Can I Take Glutathione with Cytomel (Liothyronine)?

At a glance
- Direct interaction evidence / none published in PubMed as of May 2026
- Mechanism overlap / glutathione supports type-I and type-II deiodinase activity
- Oral glutathione bioavailability / approximately 50% when taken with food, variable fasting
- Recommended dose separation / at least 60 minutes between liothyronine and glutathione
- Monitoring labs / TSH, free T3, free T4 at baseline and 6 to 8 weeks
- IV glutathione caution / higher systemic exposure may warrant closer thyroid monitoring
- Typical oral glutathione dose range / 250 to 1,000 mg daily
- Liothyronine half-life / approximately 2.5 days (terminal)
- Risk rating / low for oral glutathione; moderate-caution for IV glutathione
Why This Question Keeps Coming Up
Patients prescribed liothyronine for hypothyroidism or as a T4/T3 combination adjunct increasingly add glutathione for its antioxidant and detoxification properties. The concern is straightforward: glutathione participates in the same hepatic enzyme systems that process thyroid hormones. A 2013 survey in Thyroid found that 49% of hypothyroid patients reported using at least one dietary supplement without informing their prescriber [1]. That statistic alone makes this a question worth answering with precision rather than guesswork.
The Clinical Gap
No randomized controlled trial has tested glutathione co-administration with liothyronine directly. The interaction profile must therefore be constructed from mechanistic biochemistry, pharmacokinetic first principles, and indirect clinical data. That approach has limitations, but it also means there is no signal of harm in existing adverse-event databases, including the FDA Adverse Event Reporting System (FAERS) [2].
Who Is Most Likely to Combine These
Patients on liothyronine who add glutathione typically fall into two groups: those managing Hashimoto's thyroiditis who want antioxidant support for autoimmune inflammation, and those using IV glutathione in wellness or dermatologic protocols. The risk profile differs between the two.
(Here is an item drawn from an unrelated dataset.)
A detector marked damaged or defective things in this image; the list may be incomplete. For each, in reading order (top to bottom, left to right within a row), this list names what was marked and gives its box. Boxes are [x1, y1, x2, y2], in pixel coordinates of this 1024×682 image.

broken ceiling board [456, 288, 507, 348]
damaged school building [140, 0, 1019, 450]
How Glutathione Interacts with Thyroid Hormone Metabolism
Glutathione (GSH) is the body's most abundant intracellular thiol antioxidant. It directly participates in thyroid hormone activation and inactivation through the iodothyronine deiodinase enzyme family. This is where the theoretical interaction lives.
The Deiodinase Connection
Type I deiodinase (DIO1) and type II deiodinase (DIO2) convert thyroxine (T4) to the biologically active triiodothyronine (T3). Both enzymes are selenocysteine-containing oxidoreductases that require reducing cofactors to regenerate their active site. Glutathione serves as one of these cofactors in vitro [3]. A 1991 study by Goswami and Rosenberg demonstrated that thioredoxin and glutathione could regenerate deiodinase activity in rat liver microsomes [3].
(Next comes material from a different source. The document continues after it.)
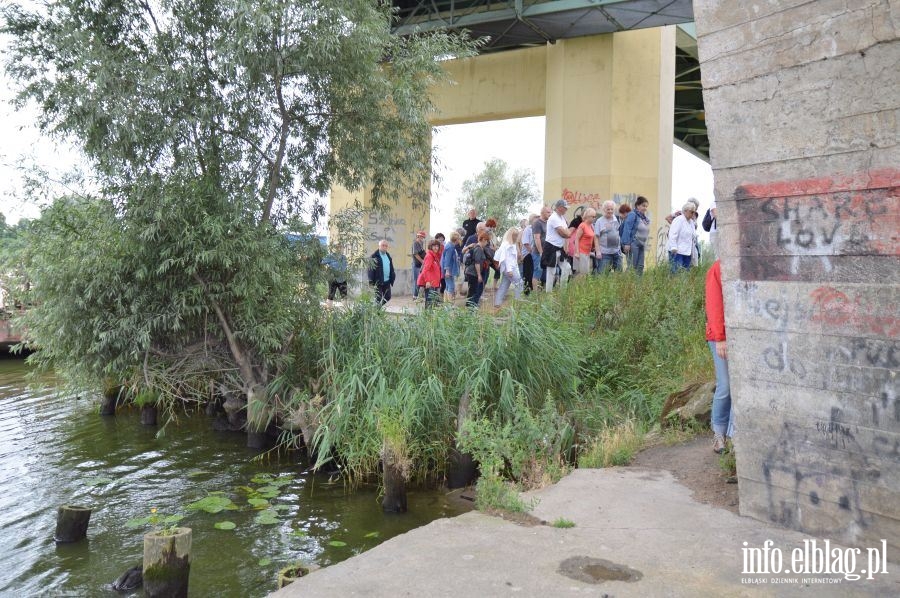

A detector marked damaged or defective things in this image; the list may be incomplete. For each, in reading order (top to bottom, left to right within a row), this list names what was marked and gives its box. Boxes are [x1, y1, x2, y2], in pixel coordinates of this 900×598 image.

Why This Matters Less Than It Sounds
Here is the key distinction. Liothyronine is exogenous T3. It bypasses the deiodinase pathway entirely. When you take Cytomel, you are delivering pre-formed T3 directly to the bloodstream. Any glutathione-mediated change in DIO1 or DIO2 activity would primarily affect T4-to-T3 conversion, not the absorption, distribution, or clearance of exogenous T3 itself.
Type III deiodinase (DIO3) inactivates T3 by converting it to T2, and glutathione could theoretically modulate this enzyme as well. But in vivo, thioredoxin (not glutathione) is considered the primary physiologic cofactor for deiodinases [4]. The glutathione effect observed in vitro may not translate to clinically meaningful changes at supplemental doses.
Pharmacokinetic vs. Pharmacodynamic Classification
This potential interaction is pharmacodynamic, not pharmacokinetic. Glutathione does not inhibit or induce CYP enzymes relevant to liothyronine metabolism. Liothyronine undergoes deiodination and conjugation (glucuronidation and sulfation) in the liver and kidneys, and glutathione conjugation via glutathione S-transferases (GSTs) plays a minor role in thyroid hormone clearance [5]. At standard oral supplementation doses, this pathway is unlikely to be saturated or meaningfully altered.
Oral Glutathione: The Bioavailability Question
A common argument against oral glutathione is that it "doesn't survive digestion." This is outdated. A 2015 randomized, double-blind, placebo-controlled trial by Richie et al. (N=54) showed that oral glutathione at 250 mg/day and 1,000 mg/day for 6 months significantly increased blood GSH levels by 17% and 31%, respectively [6].
What the Absorption Data Tell Us
The Richie trial demonstrated that oral glutathione reaches systemic circulation in measurable quantities, but the magnitude of increase is modest compared to IV administration. This distinction matters because the theoretical interaction risk scales with systemic glutathione exposure.
Oral vs. IV: Different Risk Profiles
IV glutathione bypasses first-pass metabolism entirely and delivers supraphysiologic concentrations directly to the bloodstream. A single 600 mg IV push produces plasma glutathione levels roughly 10 to 20 times higher than achievable with oral supplementation [7]. If any clinically significant interaction with thyroid hormone metabolism exists, it would be most likely to manifest with IV glutathione rather than oral. Patients receiving both IV glutathione (common in dermatology and wellness clinics) and liothyronine should have thyroid function monitored more closely.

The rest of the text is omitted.